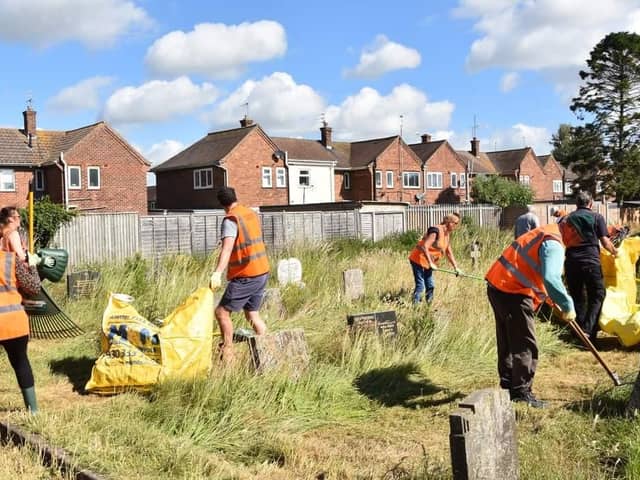 Volunteers clearing St Clements Churchyard in Skegness. Photo: Barry Robinson.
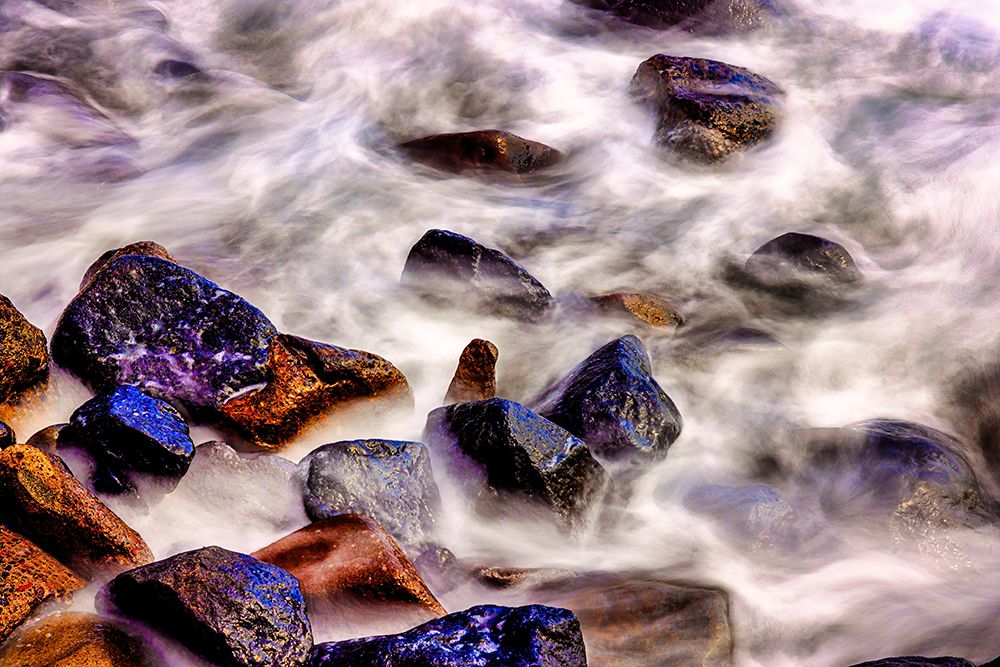 Lava beach rocks worn by centuries of sea water cover the black sand beaches of Bali art print by Greg Johnston for $57.95 CAD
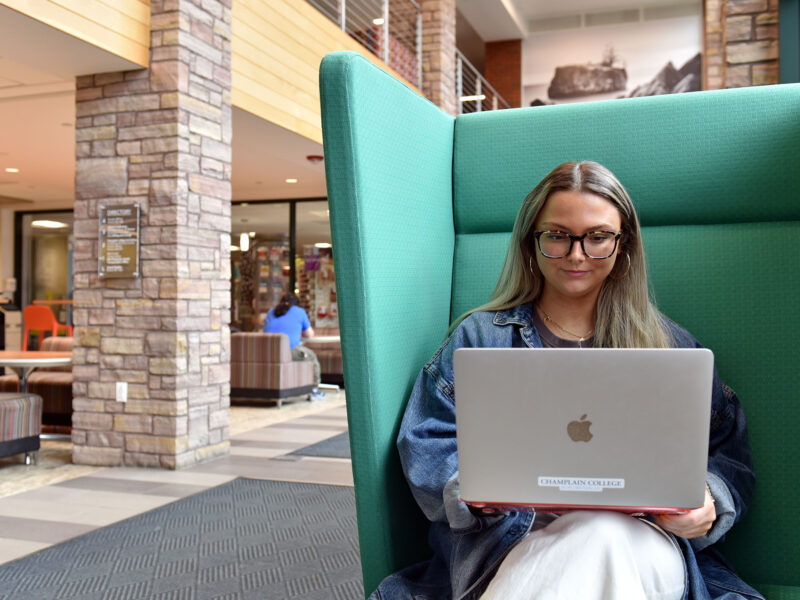 A student works on her laptop in the commuter lounge at Champlain Colllege.
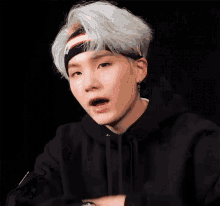 a young man wearing a headband and a black hoodie is making a funny face .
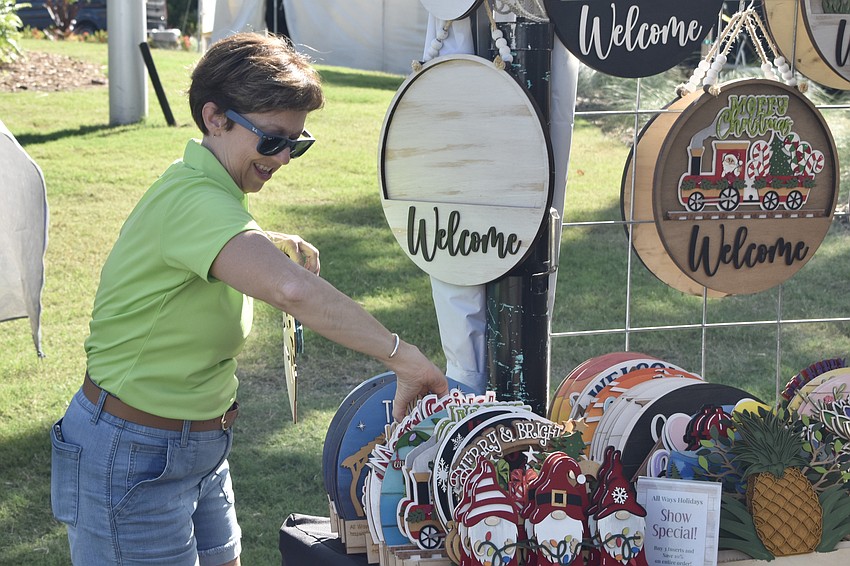 Paula Just of All Ways Holidays sets out some decor.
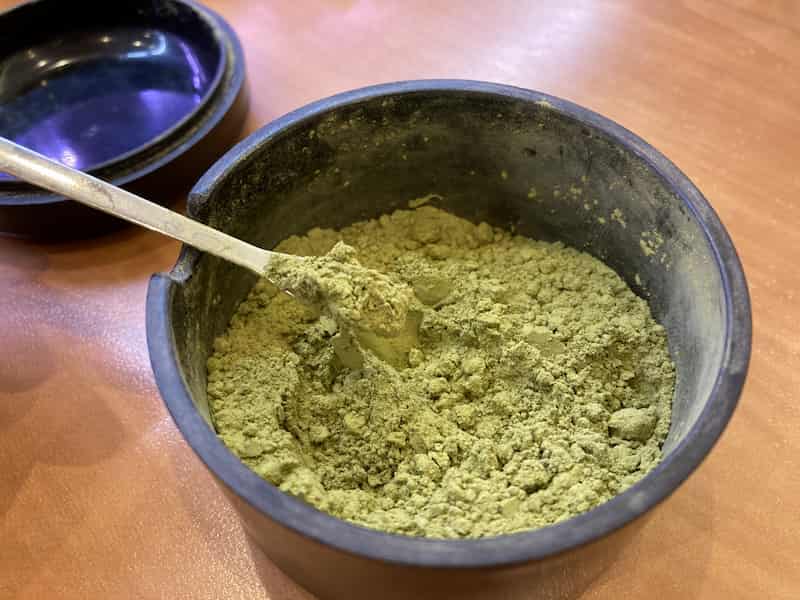 Bowl of konacha, the fine, sandy particles sifted from Japanese green tea leaves, with a metal spoon.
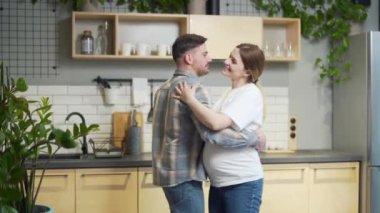 Man and pregnant woman dancing together, having fun at home, in the kitchen, happy family. Joyful romantic couple in love spending leisure time together. relax and listen to music during pregnancy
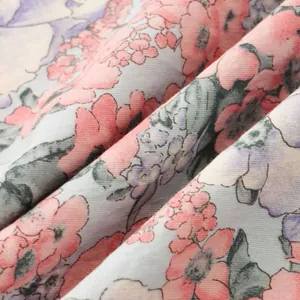 Primo piano della fantasia floreale rosa e viola sul tessuto di una camicia da uomo estiva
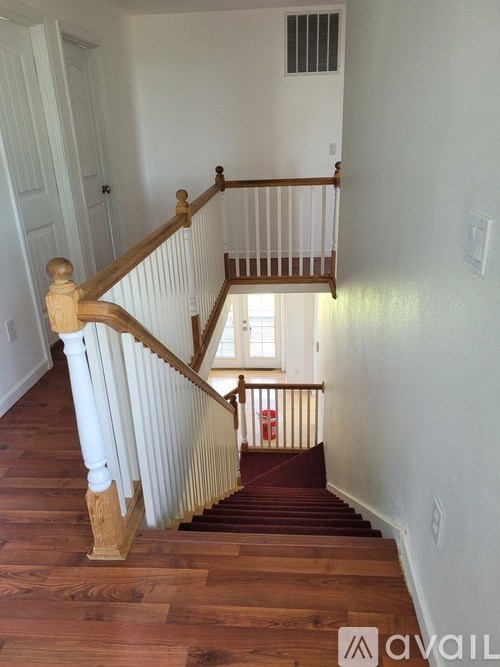 A wooden staircase with a white railing leads to a small landing with a window.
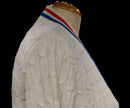 White cable-knit retro women's tennis sweater cardigan with red and blue trim stripes by Orlon Sayelle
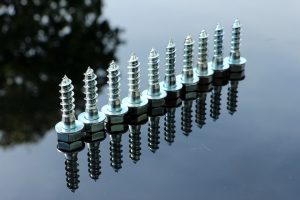 Ten screws lined up on a car hood 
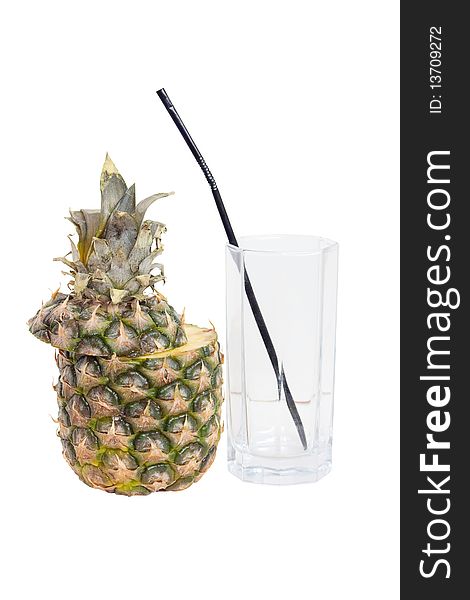 Sliced pineapple and an empty glass tube, isolated on a white background. Sliced pineapple and an empty glass tube, isolated on a white background.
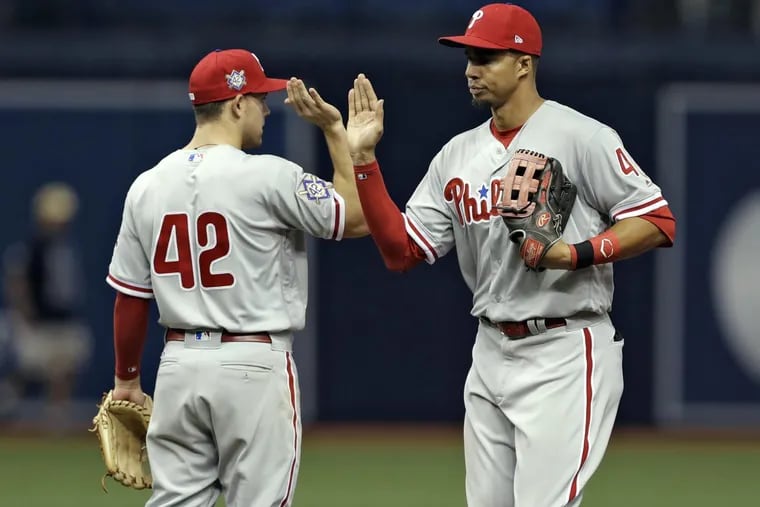Phillies outfielder Aaron Altherr (right) high-fives rookie Scott Kingery during the Phillies’ win against the Tampa Bay Rays on Sunday.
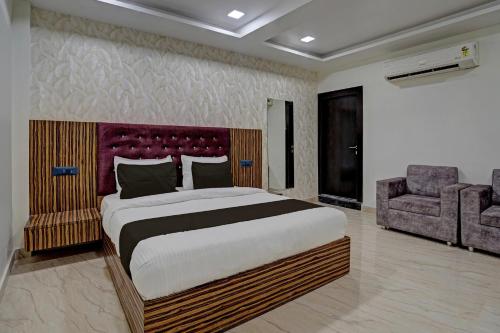 a bedroom with a large bed and a chair at OYO 82334 Hotel Keshri Inn in Prayagraj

◇ ◇ ◇ ◇ ◇ ◇ ◇

The task -> Reproduce all entries exactly. Pictures do not belong in the copy.

Response ->
 Volunteers clearing St Clements Churchyard in Skegness. Photo: Barry Robinson.
 Lava beach rocks worn by centuries of sea water cover the black sand beaches of Bali art print by Greg Johnston for $57.95 CAD
 A student works on her laptop in the commuter lounge at Champlain Colllege.
 a young man wearing a headband and a black hoodie is making a funny face .
 Paula Just of All Ways Holidays sets out some decor.
 Bowl of konacha, the fine, sandy particles sifted from Japanese green tea leaves, with a metal spoon.
 Man and pregnant woman dancing together, having fun at home, in the kitchen, happy family. Joyful romantic couple in love spending leisure time together. relax and listen to music during pregnancy
 Primo piano della fantasia floreale rosa e viola sul tessuto di una camicia da uomo estiva
 A wooden staircase with a white railing leads to a small landing with a window.
 White cable-knit retro women's tennis sweater cardigan with red and blue trim stripes by Orlon Sayelle
 Ten screws lined up on a car hood 
 Sliced pineapple and an empty glass tube, isolated on a white background. Sliced pineapple and an empty glass tube, isolated on a white background.
Phillies outfielder Aaron Altherr (right) high-fives rookie Scott Kingery during the Phillies’ win against the Tampa Bay Rays on Sunday.
 a bedroom with a large bed and a chair at OYO 82334 Hotel Keshri Inn in Prayagraj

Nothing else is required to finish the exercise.